The record-breaking striker already knew that Bill McGarry turned down a bid for him from the then Derby manager Brian Clough in the early 1970s, the Rams lifting the title in 1972 and 1975.
Now a stalwart from another Midlands club has expressed the view that the Wanderers no 9 might have won the biggest prize in the English game had his career taken an alternative route.
The eye-opening view comes from Denis Smith, the veteran former Stoke centre-half who talks in his newly-published autobiography ‘Just One Of Seven’ of the missing link in the Potters’ trophy-chasing days of three and a half decades ago.
Smith, who later managed a host of clubs including Sunderland, Oxford and Albion, goes as far as to say that Stoke would have been crowned champions in the mid-1970s had they looked to the West Midlands for Richards rather than to the East Midlands for Peter Shilton.
“Waddo (Tony Waddington) spent the entire £325,000 he had at his disposal on Shilts,” Smith writes. “Given the talent we’d already lost to injury that season, we could really have done with a striker. £325,000 was a lot of money in those days and we needed a John Richards or somebody to score goals.

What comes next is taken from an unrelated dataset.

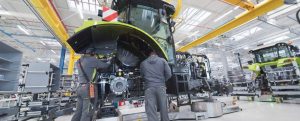 noticias maquinaria CLAAS acelera la fabricación de tractores en Le Mans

“I firmly believe that, if Waddo had spent the money on a goalscorer instead of Peter Shilton, we would have won the League that season.”
Richards, whose first Wolves hat-trick came in a 5-3 home win over Stoke in September, 1972, reacted with interest to the comments.
“I always enjoyed playing against Denis because he was never nasty despite being very hard,” he said. “He had more scars around his face than any other footballer I know but he just got on with the game, as I did.
“I was also friendly with Mike Pejic because he was my room-mate with England under-23s but that didn’t stop him giving as good as he got when you faced him.
“Stoke had a very good side in those days but players didn’t have anything like as much power as they do now. Even if I had wanted to move on, it would have been very difficult. Bill McGarry told me on a pre-season tour that he had turned Cloughie and Derby down and said he would never sell me while he was manager.
“That was it, really, end of story. I could hardly go rushing to my agent because there weren’t any then.”